Another inconvenience is that when the fee to be collected changes, such as with a change in the sales tax rate, one must call upon the manufacturer to replace the necessary parts.
To adapt the device to be able to promptly handle such eventualities, it has been necessary to make the device complicated, sophisticated, and large.
This invention was devised to solve the problems of the prior art. Its purpose is to provide a small coin collection device which, despite its relatively simple construction, is able to quickly and correctly handle misoperation or changes in the fee to be collected.
Briefly stated, the present invention provides a coin collection device that has a coin holding chamber into which all coins collected are temporarily directed. A coin collection stopper releases coins from the coin holding chamber into a coin collection chamber when a preset monetary amount of genuine coins is inserted. A coin return stopper releases all coins from the coin holding chamber into a coin return when at least one of the following events occurs:
the value of coins collected exceeds the preset monetary amount;
a counterfeit coin is inserted; or
the time since last coin inserted exceeds a predetermined time;
A setting mechanism permits setting the preset monetary amount.
According to an embodiment of the invention, there is provided a coin collection device including a memory device and means for inputting to the memory device a set monetary amount.
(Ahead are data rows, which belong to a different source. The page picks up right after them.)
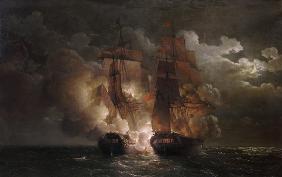 Battle Between the French Frigate 'Arethuse' and the English Frigate 'Amelia' in View of the Islands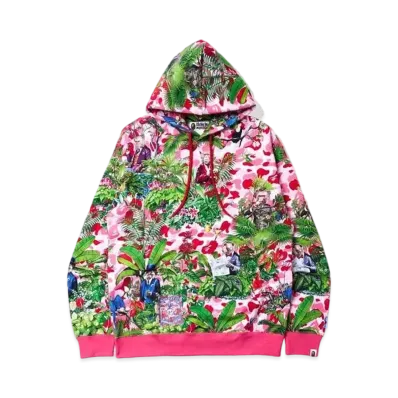 A BATHING APE BAPE® X MONKEY 47 PULLOVER HOODIE "Pink"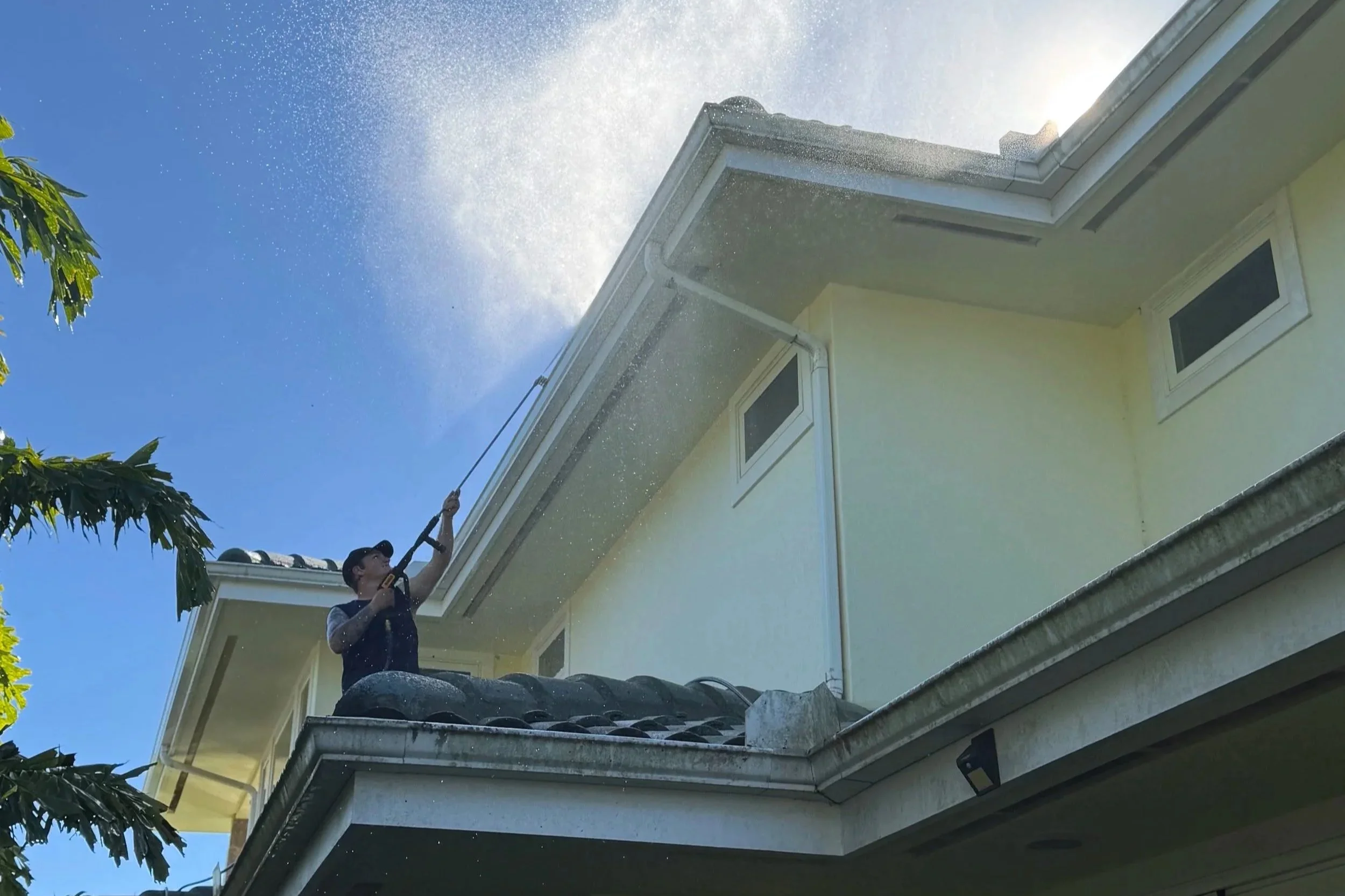Gutters not only accrue debris on the inside, but also moss, dirt and algae on the outside. Call for a free quote today!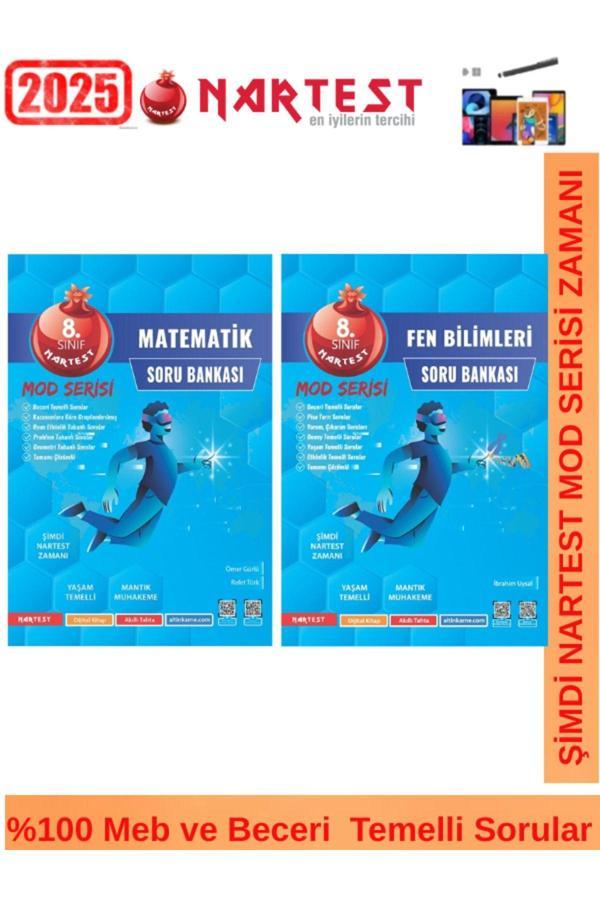 Nartest 2025 8.Sınıf Mod Serisi Matematik-Fen Soru Bankası Seti+Android Kalem - Nartest Yayınevi - Image 1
A sensor is used to determine whether a coin is good or false, and to determine a denomination of a good coin. The memory device accumulates the value of good coins. A coin holding chamber is used for temporarily storing inserted coins. A coin collection stopper leads to a coin container. A coin return stopper leads to a coin return. The coin collection stopper and the coin return stopper retain at least one good coin in the coin holding chamber. A stopper controller is used for opening the coin collection stopper in response to a sum of the values of good coins being equal to the set monetary amount, whereby good coins are collected. The stopper controller is also effective to open the coin return stopper in response to the sensor sensing a false coin, the sum of inserted coins is greater than the set monetary amount, or when too much time has passed between the insertion of one coin and the next. In any of those instances, all coins retained in the holding chamber are returned to a user.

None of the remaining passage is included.